> [What is required]:
Of the lines below, write out exactly those from the line with "MA license plate 201FM2" through the line with "Women’s Light Gray", both included, and skip the rest.

> [Input material]:
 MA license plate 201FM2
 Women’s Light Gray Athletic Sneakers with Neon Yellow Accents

==

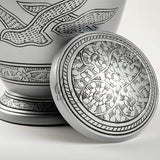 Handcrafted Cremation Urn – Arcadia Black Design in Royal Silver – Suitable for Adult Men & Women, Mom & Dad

--

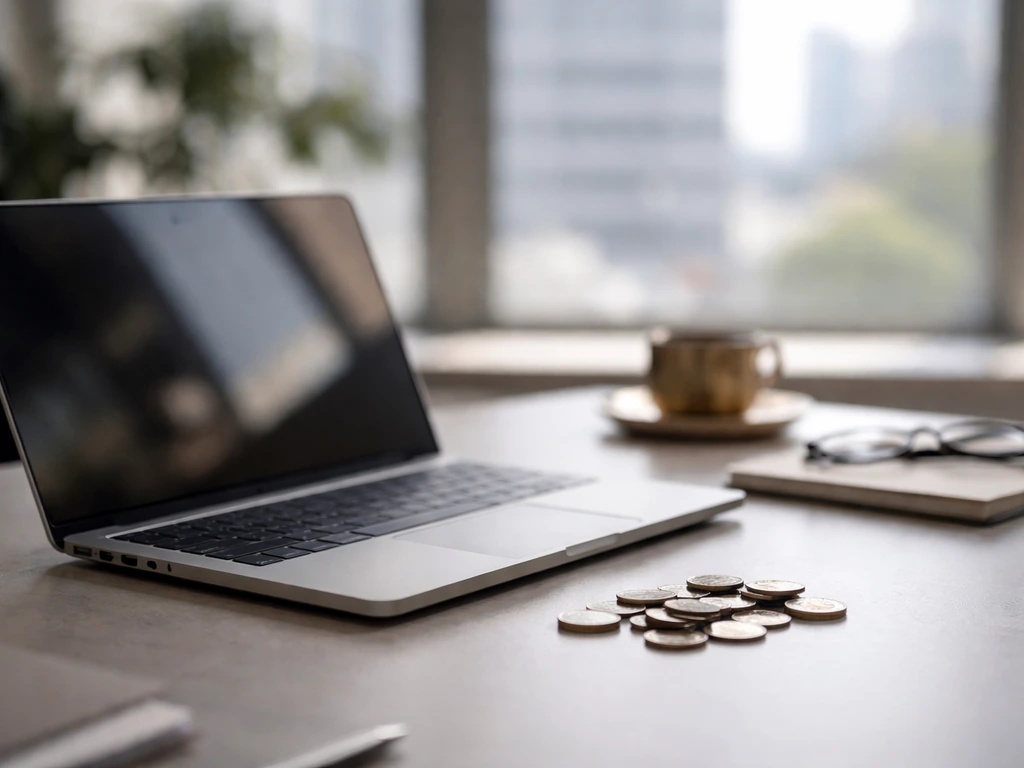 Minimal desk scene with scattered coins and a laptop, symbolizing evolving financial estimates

> [Written answer]:
 MA license plate 201FM2
 Women’s Light Gray Athletic Sneakers with Neon Yellow Accents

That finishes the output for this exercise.